Der Grund für den Irrtum liegt vermutlich darin, dass das Verbot des Überholens einer Kolonne zunächst denklogisch erscheint. Zunächst sollte das erste hinter dem langsam fahrenden Fahrzeug überholen, bevor die nachfolgenden Fahrzeuge ihrerseits der Reihe nach zum Überholen ansetzten dürfen.

Eine entsprechende Stützte in der Straßenverkehrsordnung ist allerdings nicht vorhanden. Es ist daher grundsätzlich erlaubt, eine Kolonne zu überholen.

Kommt es bei einem wie eben beschriebenen Überholvorgang zu einem Zusammenstoß, muss geprüft werden welcher Teilnehmer welche Haftungsquote zu tragen hat.

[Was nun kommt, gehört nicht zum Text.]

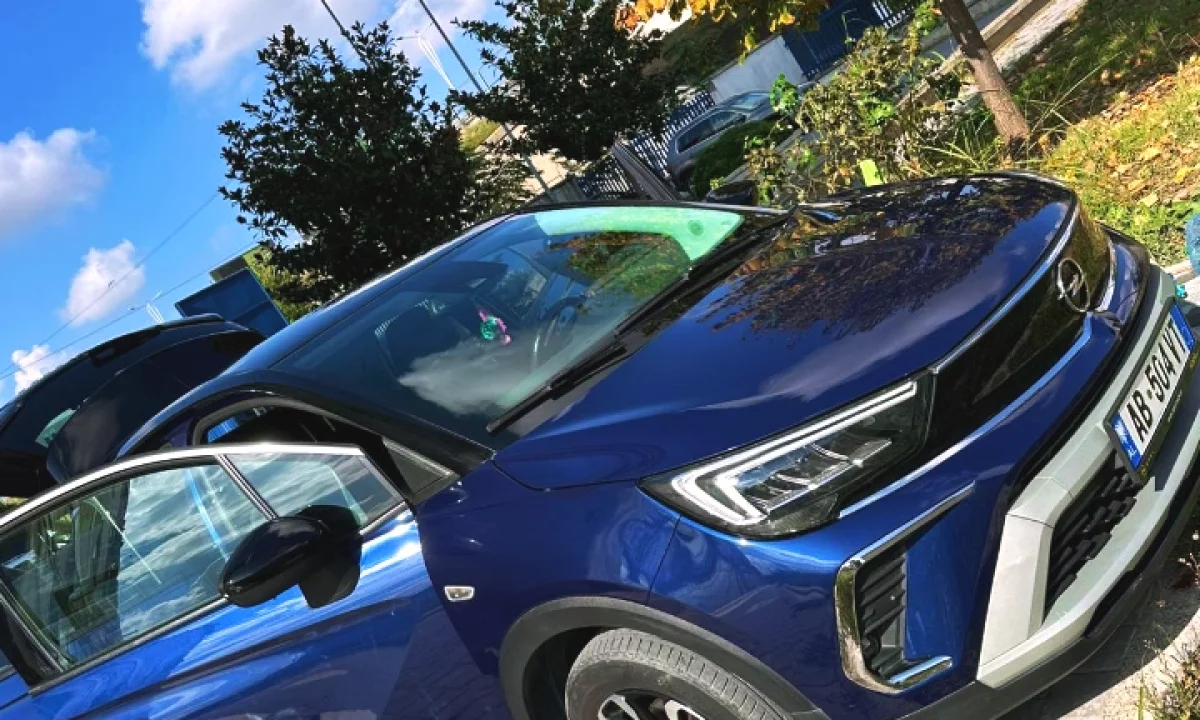 Auto in Vendita a Tirana, Opel, 2022 Diesel,Kambio Automatik Pagamento 10,000  Euro.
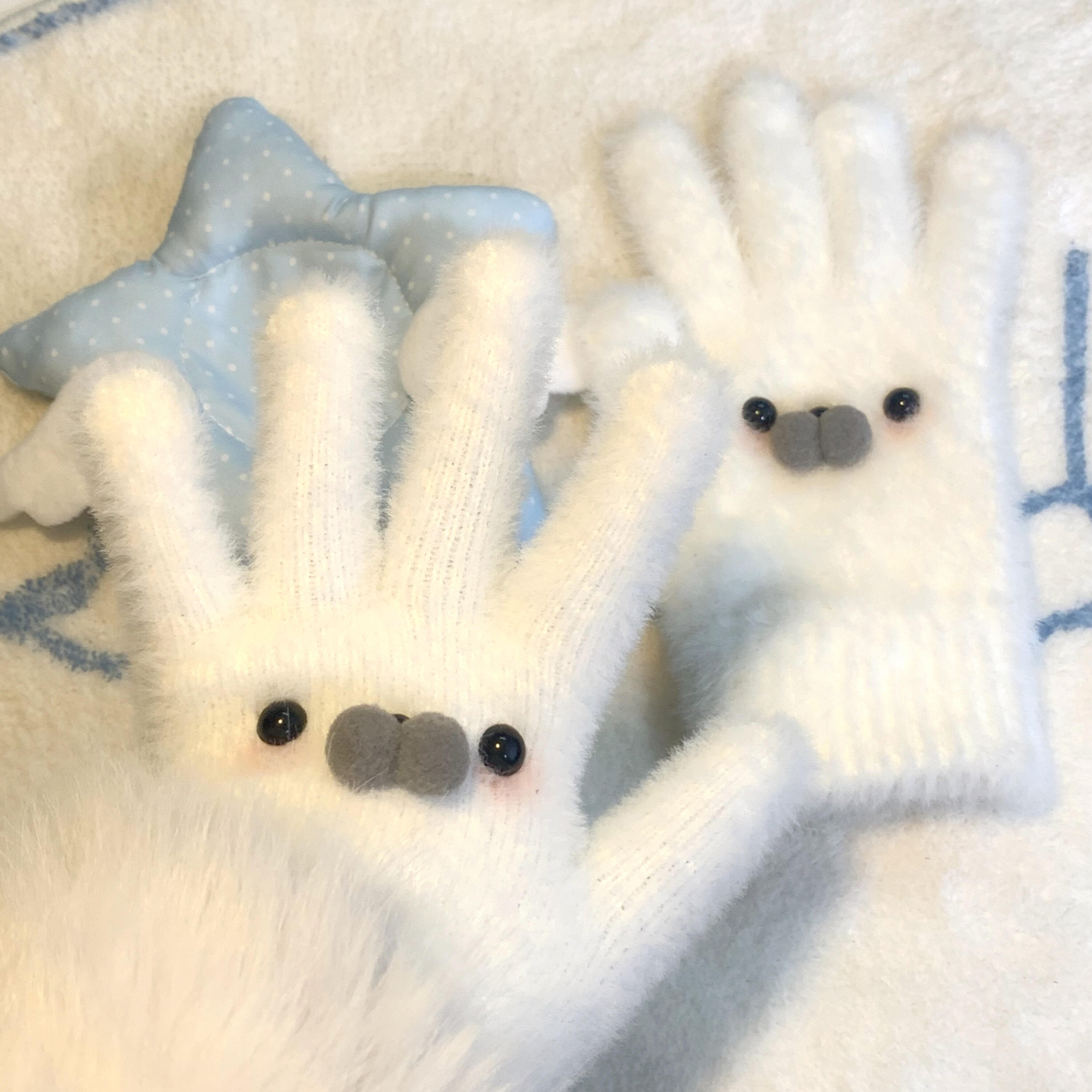 可爱白色小海豹毛绒五指手套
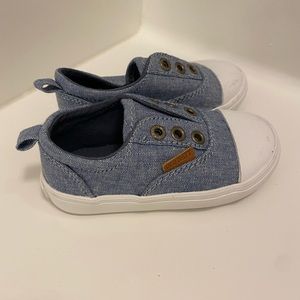 Toddler Boys Old Navy shoes size 5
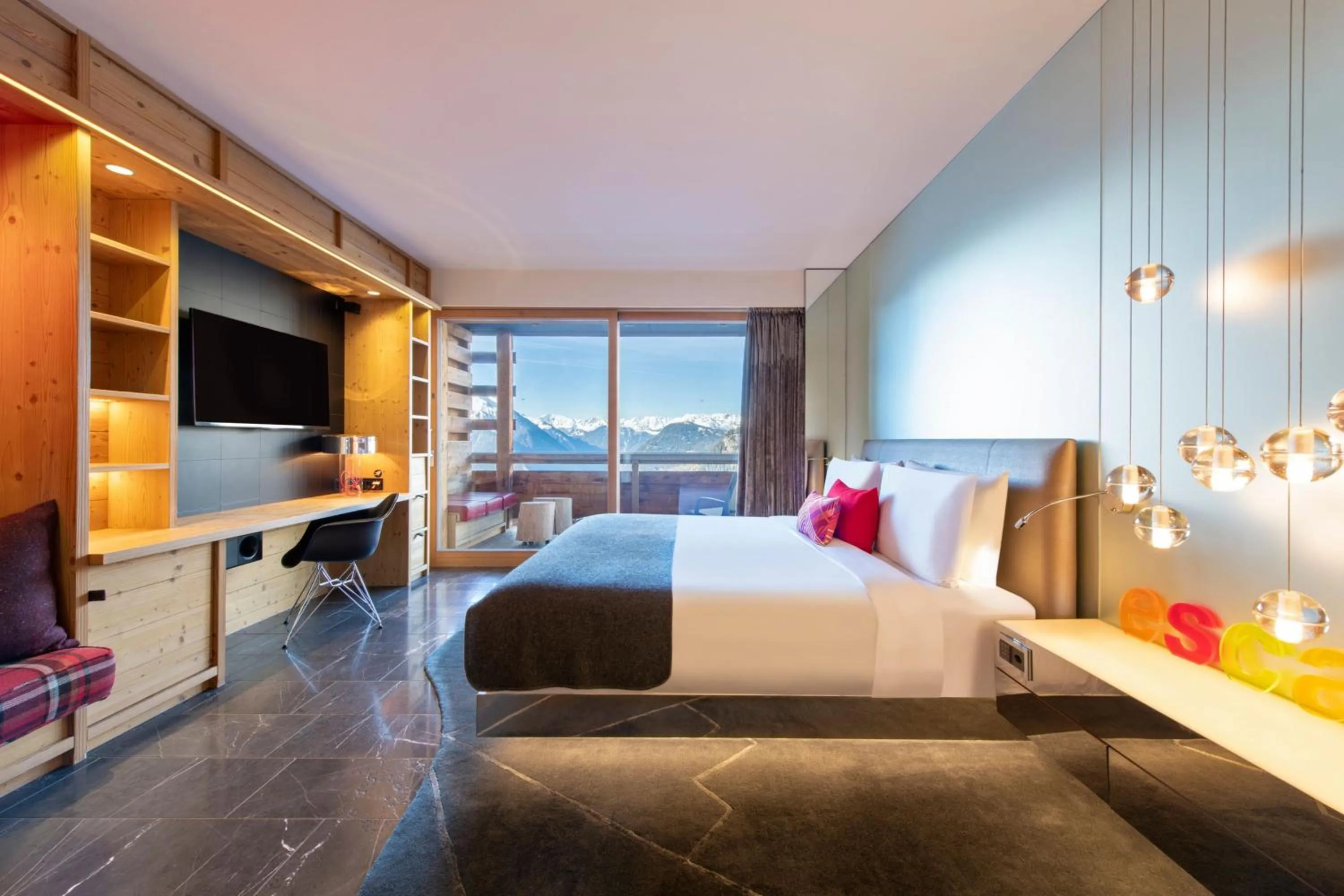 Photo of the whole room, Bed in W Verbier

Grundsätzlich spricht der erste Anschein dafür, dass derjenige, der als zweites zum Überholen angesetzt hat, den Unfall verschuldet hat. Denn derjenige hat gegen § 5 Abs. IV StVO verstoßen, indem er nicht ausreichend auf den nachfolgenden Verkehr geachtet und diesen mit seinem Überholvorgang gefährdet hat.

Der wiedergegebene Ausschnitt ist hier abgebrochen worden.